Спросила Варя. Со всей своей скромностью, и даже боязливостью, она вела себя куда более подходящим образом, чем хозяйка усадьбы.

– Нет. Свободна – ответила Анна и отмахнулась рукой. Варя поклонилась и вышла из комнаты тихонько закрывая поскрипывающую дверь.

– Охх. Не могу поверить, что сегодня буду спать на нормальной кровати – сказала Лиза, присев на стул возле столика и продолжила:

– Но все равно как же здесь ужасно. Эта полковничиха, что-то бормочет, бормочет. А наряды их. Это же ужас какой-то. А ковер, ковер посреди двора в пыли. Какая глупость.

– А может не так уж все и плохо – парировала Анна, проходя по комнате и поглаживая рукой предметы интерьера:

– В конце концов, я никогда так далеко от дома не уезжала. Это же так интересно в самом деле. Посмотреть другие края. Да и дурацкая дорога все такие закончилась. А еще папенька обещал, что будут приемы.

– Приемы?

– Да! Представляешь, сколько здесь молодых офицеров собралось на учения. А девушек, по-твоему, сколько? Вот милочка. Представь, столько прекрасных молодых людей, и все их внимание только наше. Выбирай кого хочешь.

– А это уже, пожалуй, интересно.
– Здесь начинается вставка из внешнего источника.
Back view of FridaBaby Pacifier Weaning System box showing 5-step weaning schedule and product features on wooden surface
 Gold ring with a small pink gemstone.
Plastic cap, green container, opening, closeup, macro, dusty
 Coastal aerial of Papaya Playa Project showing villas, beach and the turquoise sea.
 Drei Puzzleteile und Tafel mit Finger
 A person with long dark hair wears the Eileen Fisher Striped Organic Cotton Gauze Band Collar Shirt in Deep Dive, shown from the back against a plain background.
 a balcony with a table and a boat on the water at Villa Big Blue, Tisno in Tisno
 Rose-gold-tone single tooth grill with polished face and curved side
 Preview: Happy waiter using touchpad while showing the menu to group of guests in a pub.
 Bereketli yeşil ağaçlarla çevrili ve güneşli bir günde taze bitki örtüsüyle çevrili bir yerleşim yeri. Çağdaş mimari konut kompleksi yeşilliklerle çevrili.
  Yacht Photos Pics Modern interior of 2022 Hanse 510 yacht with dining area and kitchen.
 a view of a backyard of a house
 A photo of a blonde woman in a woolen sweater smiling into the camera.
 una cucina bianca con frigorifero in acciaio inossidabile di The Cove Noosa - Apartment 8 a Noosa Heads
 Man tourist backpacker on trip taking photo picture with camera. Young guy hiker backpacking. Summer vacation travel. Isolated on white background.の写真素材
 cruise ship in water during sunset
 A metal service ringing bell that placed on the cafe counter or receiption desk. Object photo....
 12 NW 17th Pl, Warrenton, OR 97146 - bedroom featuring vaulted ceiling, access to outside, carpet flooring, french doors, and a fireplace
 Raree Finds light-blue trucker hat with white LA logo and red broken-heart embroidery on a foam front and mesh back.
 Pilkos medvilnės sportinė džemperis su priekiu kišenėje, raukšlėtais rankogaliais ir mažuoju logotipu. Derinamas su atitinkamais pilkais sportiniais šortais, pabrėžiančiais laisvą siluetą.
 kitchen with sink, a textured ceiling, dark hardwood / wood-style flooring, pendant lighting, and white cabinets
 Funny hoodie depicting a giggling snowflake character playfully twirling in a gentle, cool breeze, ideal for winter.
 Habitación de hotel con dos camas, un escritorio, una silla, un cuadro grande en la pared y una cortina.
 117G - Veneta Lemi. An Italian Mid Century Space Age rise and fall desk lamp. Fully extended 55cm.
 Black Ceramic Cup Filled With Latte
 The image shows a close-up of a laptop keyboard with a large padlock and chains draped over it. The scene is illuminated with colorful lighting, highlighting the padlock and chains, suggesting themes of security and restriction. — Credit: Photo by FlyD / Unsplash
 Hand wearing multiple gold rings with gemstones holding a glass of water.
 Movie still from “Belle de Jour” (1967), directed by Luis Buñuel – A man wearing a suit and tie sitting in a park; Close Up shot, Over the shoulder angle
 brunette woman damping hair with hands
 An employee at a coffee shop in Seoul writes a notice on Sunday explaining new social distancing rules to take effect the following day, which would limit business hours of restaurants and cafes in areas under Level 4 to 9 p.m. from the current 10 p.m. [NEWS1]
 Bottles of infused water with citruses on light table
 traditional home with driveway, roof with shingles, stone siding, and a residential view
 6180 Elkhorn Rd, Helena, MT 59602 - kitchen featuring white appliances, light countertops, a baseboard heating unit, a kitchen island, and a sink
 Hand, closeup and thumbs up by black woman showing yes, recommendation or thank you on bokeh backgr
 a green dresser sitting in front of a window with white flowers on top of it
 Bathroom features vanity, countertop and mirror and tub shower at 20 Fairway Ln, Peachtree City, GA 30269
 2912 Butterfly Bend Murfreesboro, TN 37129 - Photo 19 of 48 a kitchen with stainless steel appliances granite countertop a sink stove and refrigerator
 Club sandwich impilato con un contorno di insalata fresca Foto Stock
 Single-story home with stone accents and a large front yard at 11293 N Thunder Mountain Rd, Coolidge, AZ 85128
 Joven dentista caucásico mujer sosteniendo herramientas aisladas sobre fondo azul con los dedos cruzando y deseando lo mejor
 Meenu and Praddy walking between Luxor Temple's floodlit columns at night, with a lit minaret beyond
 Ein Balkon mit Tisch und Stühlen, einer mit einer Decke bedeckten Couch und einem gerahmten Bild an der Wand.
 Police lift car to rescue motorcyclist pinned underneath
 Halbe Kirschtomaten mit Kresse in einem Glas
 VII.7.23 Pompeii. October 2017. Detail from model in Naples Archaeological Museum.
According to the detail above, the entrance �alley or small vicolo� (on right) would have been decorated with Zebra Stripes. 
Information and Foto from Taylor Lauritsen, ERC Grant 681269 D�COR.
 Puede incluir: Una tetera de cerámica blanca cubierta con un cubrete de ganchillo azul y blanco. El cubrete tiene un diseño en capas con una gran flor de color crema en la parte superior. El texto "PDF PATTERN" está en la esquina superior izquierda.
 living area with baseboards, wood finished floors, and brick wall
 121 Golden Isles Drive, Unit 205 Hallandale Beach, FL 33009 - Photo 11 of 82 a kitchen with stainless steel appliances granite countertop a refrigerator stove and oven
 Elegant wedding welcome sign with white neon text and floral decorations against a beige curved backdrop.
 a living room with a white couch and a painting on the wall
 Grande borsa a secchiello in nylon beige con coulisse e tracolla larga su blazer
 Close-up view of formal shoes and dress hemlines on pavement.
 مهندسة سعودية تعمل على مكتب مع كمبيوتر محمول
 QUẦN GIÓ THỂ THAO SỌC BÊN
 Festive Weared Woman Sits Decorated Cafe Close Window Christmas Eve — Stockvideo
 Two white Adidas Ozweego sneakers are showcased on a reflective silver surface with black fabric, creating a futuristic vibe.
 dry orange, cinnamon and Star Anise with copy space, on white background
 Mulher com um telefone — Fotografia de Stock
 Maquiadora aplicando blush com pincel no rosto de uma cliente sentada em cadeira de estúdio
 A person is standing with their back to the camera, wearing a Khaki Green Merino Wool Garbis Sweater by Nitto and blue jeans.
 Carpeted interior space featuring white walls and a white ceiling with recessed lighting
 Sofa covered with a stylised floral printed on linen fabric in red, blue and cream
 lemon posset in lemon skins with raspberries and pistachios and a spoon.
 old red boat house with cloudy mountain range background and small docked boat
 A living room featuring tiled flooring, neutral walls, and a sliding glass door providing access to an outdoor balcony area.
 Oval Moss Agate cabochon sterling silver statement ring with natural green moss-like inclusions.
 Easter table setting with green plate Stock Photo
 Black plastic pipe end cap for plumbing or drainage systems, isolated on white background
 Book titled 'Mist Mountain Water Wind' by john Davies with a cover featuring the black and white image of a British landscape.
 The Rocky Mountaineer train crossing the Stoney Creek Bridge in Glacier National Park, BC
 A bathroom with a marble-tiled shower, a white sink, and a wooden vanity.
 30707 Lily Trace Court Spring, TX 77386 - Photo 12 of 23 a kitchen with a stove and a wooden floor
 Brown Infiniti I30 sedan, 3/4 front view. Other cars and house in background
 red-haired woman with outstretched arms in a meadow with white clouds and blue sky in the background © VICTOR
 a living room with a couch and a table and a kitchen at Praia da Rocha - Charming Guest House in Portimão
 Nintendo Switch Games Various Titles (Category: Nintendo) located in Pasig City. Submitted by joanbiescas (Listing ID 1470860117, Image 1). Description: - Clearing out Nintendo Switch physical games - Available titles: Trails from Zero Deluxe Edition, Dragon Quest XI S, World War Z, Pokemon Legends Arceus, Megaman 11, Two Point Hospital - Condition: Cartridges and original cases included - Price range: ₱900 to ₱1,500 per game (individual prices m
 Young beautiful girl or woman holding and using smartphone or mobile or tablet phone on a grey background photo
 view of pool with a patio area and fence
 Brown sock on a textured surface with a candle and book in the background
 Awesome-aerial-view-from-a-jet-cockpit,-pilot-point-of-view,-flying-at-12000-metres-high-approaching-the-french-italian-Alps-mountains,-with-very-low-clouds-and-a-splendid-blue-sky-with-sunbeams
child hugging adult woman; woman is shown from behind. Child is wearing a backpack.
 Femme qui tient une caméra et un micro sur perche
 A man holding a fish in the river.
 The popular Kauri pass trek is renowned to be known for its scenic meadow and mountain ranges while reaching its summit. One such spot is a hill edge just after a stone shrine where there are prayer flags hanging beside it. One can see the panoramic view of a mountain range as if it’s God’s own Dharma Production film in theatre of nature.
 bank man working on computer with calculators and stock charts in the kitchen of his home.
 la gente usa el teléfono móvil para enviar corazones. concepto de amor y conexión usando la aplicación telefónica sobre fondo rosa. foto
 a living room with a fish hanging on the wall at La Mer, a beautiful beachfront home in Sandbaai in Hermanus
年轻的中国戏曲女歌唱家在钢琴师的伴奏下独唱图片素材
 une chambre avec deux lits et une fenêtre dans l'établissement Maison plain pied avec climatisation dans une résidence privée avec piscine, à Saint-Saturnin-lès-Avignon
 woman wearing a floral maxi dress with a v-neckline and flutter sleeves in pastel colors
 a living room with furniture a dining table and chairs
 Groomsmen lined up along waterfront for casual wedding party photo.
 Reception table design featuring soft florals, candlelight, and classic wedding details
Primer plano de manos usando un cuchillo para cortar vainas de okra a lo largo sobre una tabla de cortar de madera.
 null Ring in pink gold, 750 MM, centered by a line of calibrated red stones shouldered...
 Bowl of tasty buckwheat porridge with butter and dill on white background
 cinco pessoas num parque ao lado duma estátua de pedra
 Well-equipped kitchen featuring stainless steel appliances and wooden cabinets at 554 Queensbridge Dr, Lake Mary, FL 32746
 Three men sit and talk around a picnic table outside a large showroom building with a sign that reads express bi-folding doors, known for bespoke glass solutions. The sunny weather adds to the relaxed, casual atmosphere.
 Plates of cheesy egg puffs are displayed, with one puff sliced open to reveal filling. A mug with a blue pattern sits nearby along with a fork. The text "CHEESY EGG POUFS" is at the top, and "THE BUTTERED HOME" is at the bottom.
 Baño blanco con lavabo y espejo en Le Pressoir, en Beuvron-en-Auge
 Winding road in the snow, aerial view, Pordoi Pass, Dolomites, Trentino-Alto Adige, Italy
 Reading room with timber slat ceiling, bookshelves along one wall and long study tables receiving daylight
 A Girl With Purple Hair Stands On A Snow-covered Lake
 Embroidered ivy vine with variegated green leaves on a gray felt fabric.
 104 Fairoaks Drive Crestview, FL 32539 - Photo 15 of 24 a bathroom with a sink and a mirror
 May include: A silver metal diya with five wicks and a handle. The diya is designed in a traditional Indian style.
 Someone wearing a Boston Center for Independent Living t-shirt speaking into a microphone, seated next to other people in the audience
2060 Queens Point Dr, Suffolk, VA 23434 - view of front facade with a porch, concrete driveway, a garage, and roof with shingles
Возможно, это лето и не будет таким уже ужасным – приободрилась Лиза.

Анна подошла к кровати, повернулась, расправила в стороны руки, и завалилась назад на роскошное покрывало:

– А я думаю наше лето будет прекрасным!

С этими словами юная Панина закрыла глаза, улыбнулась и уснула самым сладким сном, который только можно себе представить.

Глава 2

Все крестьянские дома в России похожи как капли воды. Грубо срубленная изба пятистенка с двускатной соломенной крышей. Маленькие окошечки со ставнями да низкие двери, проходя в которые, приходится сгибаться даже подростку. При входе в дом узкие сени, вечно заваленные скудной одеждой, лаптями, валенками и мелкой хозяйственной утварью. Внутри, напротив входа, большая печь, от которой и отапливались в холода, и готовили пищу, на ней же и спали самые слабые: дети, старики, да захворавшие взрослые. Здесь же перед печью стол, за которым ели, готовили еду, чинили одежду, и просто проводили время в ненастную погоду. В соседней комнате широкие полати в два ряда, на которых спали все, исключая тех, кому выпало греться на печи. Сквозь натянутый бычий пузырь в маленьких окошечках, едва проникал свет. Проветрить можно было только сквозь отрытую дверь, отчего в домах было очень душно. Вокруг дома небольшой участок, огороженный кривым жердевым забором. У зажиточных семей к дому пристроен сарай, а иногда, даже, небольшая баня по-черному. Срубы и заборы не красили, оттого они быстро дряхлели, и превращались в унылое зрелище. На улицах и во дворах, не было никакого мощения. В межсезонье деревни тонули в грязи, а в летнюю жару страдали от пыли.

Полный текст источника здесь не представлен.